Memories of Exile and Return
This one day international symposium, held in the Law Department and in the Arts Centre on
21 May 2010, explored the reception of Chilean academic refugees in the UK, following the military coup in Chile on 11 September 1973. It focused in particular on the refugee programme run by World University Service (WUS) between 1974 and 1985, an initiative that provided grants and university places for almost one thousand Chilean scholars displaced by the Pinochet regime. The award of a grant was often instrumental in securing release from prison for academics and students.

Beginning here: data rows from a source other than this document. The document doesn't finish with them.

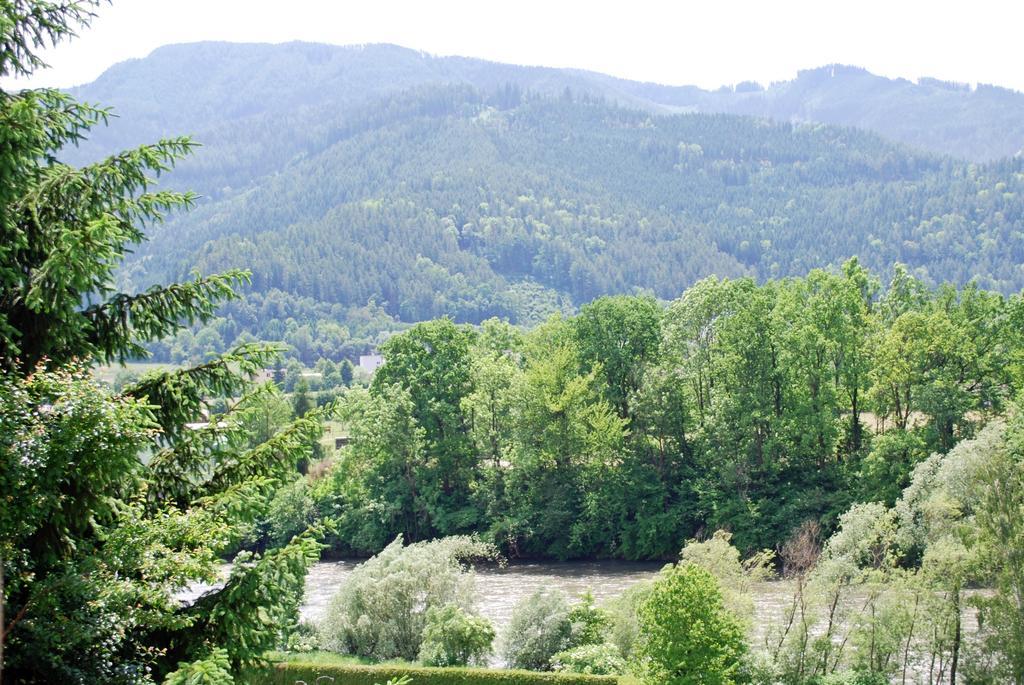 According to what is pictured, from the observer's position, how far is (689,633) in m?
27.3

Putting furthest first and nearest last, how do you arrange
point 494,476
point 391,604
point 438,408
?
1. point 438,408
2. point 494,476
3. point 391,604

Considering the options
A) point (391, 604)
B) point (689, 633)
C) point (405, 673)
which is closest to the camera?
point (689, 633)

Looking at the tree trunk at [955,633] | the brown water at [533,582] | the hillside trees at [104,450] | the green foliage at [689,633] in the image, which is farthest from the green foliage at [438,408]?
the hillside trees at [104,450]

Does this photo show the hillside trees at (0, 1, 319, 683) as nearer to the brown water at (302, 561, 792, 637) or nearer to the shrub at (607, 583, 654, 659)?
the shrub at (607, 583, 654, 659)

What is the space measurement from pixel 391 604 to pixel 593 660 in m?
8.10

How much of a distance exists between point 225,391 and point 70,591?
9.49ft

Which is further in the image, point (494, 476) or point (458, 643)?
point (494, 476)

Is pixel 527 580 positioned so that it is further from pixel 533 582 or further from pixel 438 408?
pixel 438 408

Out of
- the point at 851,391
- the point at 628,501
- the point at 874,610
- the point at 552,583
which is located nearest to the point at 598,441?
the point at 628,501

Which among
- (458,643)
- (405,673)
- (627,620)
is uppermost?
(627,620)

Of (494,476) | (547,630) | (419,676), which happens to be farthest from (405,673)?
(494,476)

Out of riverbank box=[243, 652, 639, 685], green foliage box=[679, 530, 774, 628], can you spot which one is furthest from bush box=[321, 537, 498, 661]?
green foliage box=[679, 530, 774, 628]

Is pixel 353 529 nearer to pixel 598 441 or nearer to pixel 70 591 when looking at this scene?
pixel 598 441

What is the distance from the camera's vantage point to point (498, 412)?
6259cm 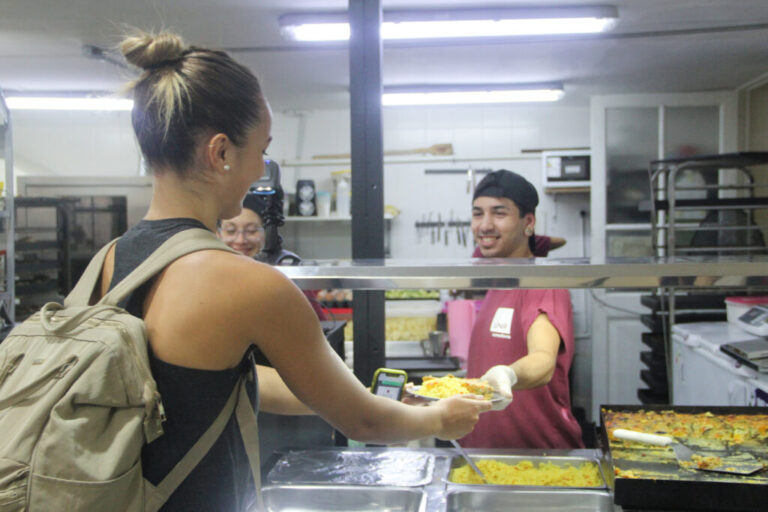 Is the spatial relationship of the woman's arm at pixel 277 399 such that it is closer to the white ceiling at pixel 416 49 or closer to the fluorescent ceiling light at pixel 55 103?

The seminar received core funding from the IAS and the HRF Impact Award schemes and was sponsored by the Departments of History and Law, the Centre for Ethnic Relations, and the Arts Centre. It brought together a group of some thirty delegates who had been directly involved in the WUS programme: UK academics, NGO representatives, and Chilean scholars who had come to the UK as exiles and were now resident in Chile, in other areas in Latin
America or in Europe.
The day ended with a reception in the Mead Gallery and a screening - the UK premiere – of an Oscar nominated film by the renowned Chilean director Miguel Littin, Dawson, Isla 10
(Dawson, Island Number 10, 2009). Miguel Littin had accepted an invitation to attend the seminar, but the earthquake in Chile, followed by the volcanic ash disruptions over Europe, finally prevented his travelling. His film rounded off the day very well. It showed life in the prison camp in the south of Chile, where the Allende government ministers were detained following the 1973 coup. One of the ministers depicted in the film, Dr Edgardo Enriquez, the
Minister of Education, arrived in exile in the UK in 1975 as one of the first WUS grant holders.